Role-based controls help teams match permissions, approvals, and authority to organization approved workflows.

Who should be able to draft a denial letter? Who should be allowed to approve a Reservation of Rights? Who can manage templates, update user access, or send correspondence without another review step?

For claims organizations, these questions shape how teams manage authority, compliance, and operational risk across every piece of claim correspondence.

Most claims teams need more than a simple user hierarchy. A trainee, adjuster, team lead, and admin structure may work for basic workflows, but it can become limiting as organizations add business units, entities, jurisdictions, review layers, and internal authority rules.

Without more precise permission control, teams often end up with workarounds. Some users receive broader access than they need. Others have to wait on admins for routine tasks. Approval paths may depend on manual routing instead of clear system-level controls.

Introducing Custom Roles

Custom Roles gives claims organizations more control over how permissions and approval authority are structured inside Kyber.

Instead of relying only on default roles, organizations can define roles that reflect how their claims teams actually operate. A carrier can create roles for adjusters, reviewers, auditors, entity administrators, template managers, or other internal functions, then assign permissions based on the specific actions each role should be able to take.

The goal is simple: make Kyber’s permission structure match the organization’s real claims authority structure.

How It Works

Custom Roles allows permissions to be configured at a more granular level across users, correspondence, templates, approvals, and administrative functions.

Organizations can define roles based on:

  • What a user can view
  • What a user can draft or edit
  • What a user can send
  • What a user can approve
  • What templates or resources a user can manage
  • Whether access applies to their own work, a team, an entity, or the broader organization

For example, an adjuster may be able to draft and edit their own letters, but require review before sending certain notice types. A team lead may be able to approve correspondence for their group. An auditor may need read-only access across claim communications without the ability to modify or send anything. An entity admin may manage users and workflows for one business unit without having broader system-wide control.

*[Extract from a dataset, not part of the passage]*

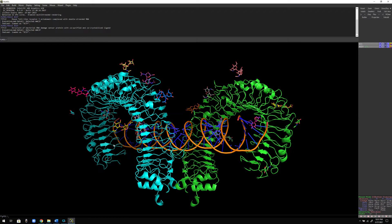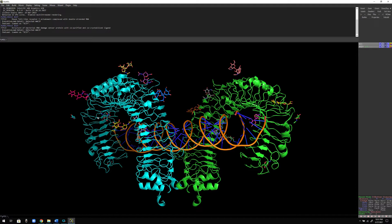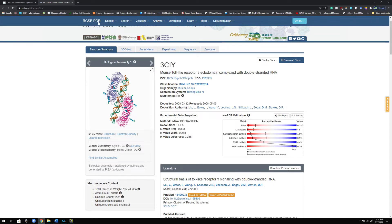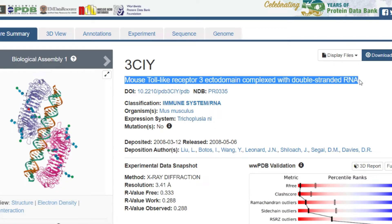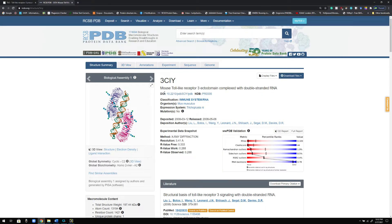Let me first go to the website of the Protein Data Bank, and then we'll discuss the structure that I'm processing today. As you can see, this is the structure, and I'm also going to show you the same thing using UniProt. Here I am at this specific page — this is the structure that I am trying to analyze using PyMOL and trying to extract the FASTA sequence. This structure is mouse Toll-like receptor 3 ectodomain complex with double-stranded RNA.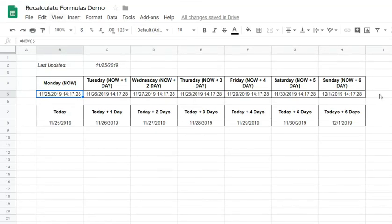So you can see that it's been recalculated. That's a little trick that I found to recalculate the formulas in my spreadsheet so that the data that I extract from these different cells subsequently is updated. Thank you.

Custom Roles also supports review level mapping, making it easier to align correspondence approvals with internal authority levels. This helps claims teams create clearer paths for multi-step review, especially for higher-risk letters such as denials, Reservation of Rights, settlement communications, and regulatory notices.

Permissions are enforced in both the application experience and the backend. Users only see the actions and resources available to them, reducing confusion and helping teams maintain operational discipline at scale.

Why This Matters

Custom Roles gives claims leaders a more practical way to manage governance inside the correspondence workflow.

For operations teams, it reduces the need for manual access workarounds and one-off approval routing. For compliance teams, it makes authority structures more explicit and auditable. For adjusters and reviewers, it creates a cleaner day-to-day experience because users can focus on the tasks they are actually authorized to complete.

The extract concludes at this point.